━━ Given material

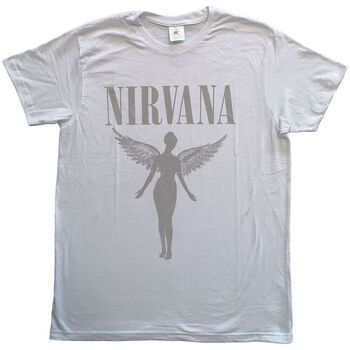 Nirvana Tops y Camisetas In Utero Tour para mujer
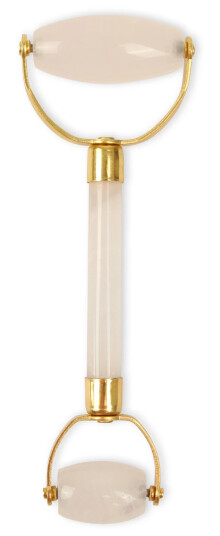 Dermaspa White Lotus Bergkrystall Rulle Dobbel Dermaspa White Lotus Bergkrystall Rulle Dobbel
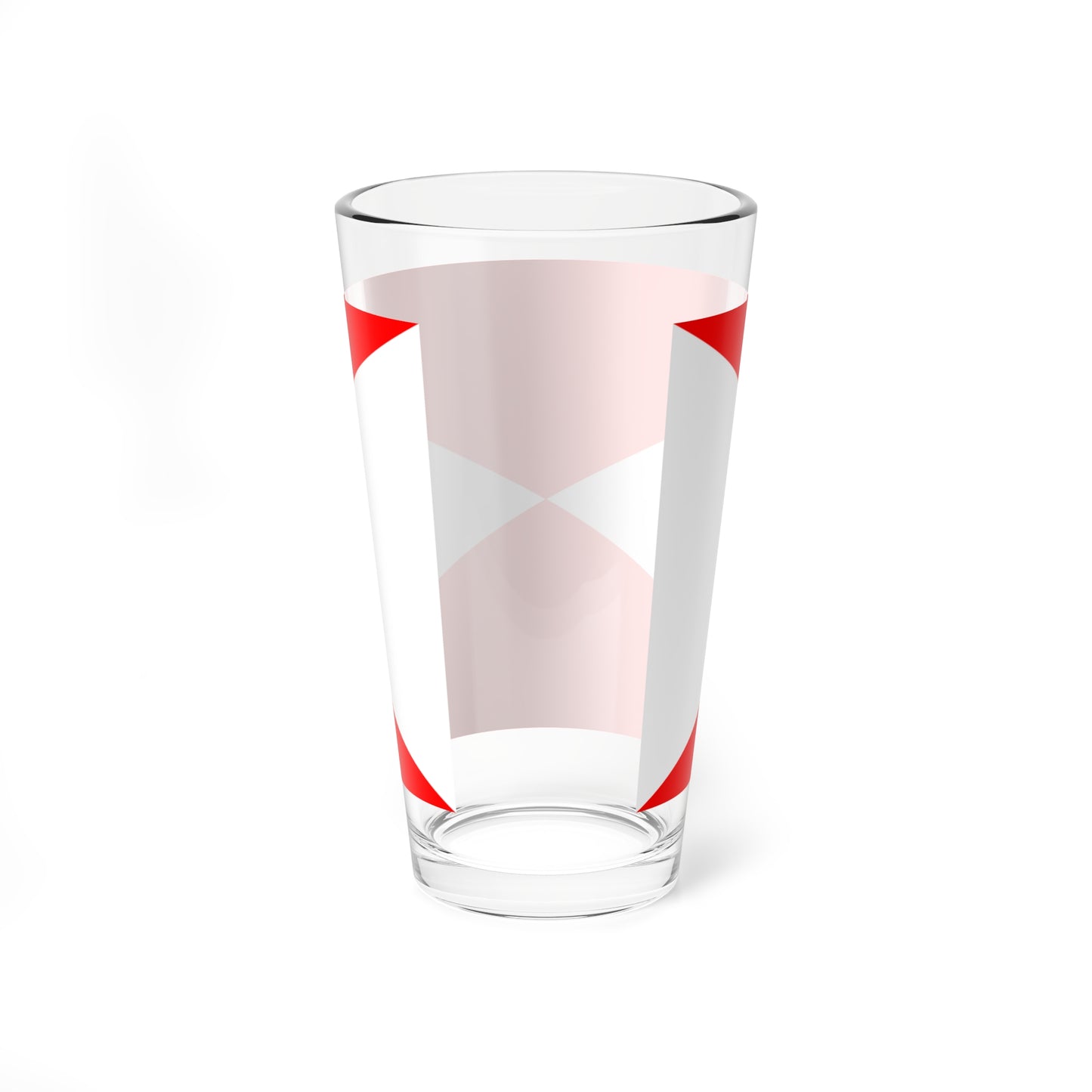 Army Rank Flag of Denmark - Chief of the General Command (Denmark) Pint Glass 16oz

━━━━

▶ [Problem statement]:
Only the lines from the one with "Dermaspa White Lotus Bergkrystall Rulle Dobbel Dermaspa" through the final line of the data should be written out, exactly and including both ends. Skip the pictures.

▶ [Response below]:
 Dermaspa White Lotus Bergkrystall Rulle Dobbel Dermaspa White Lotus Bergkrystall Rulle Dobbel
 Army Rank Flag of Denmark - Chief of the General Command (Denmark) Pint Glass 16oz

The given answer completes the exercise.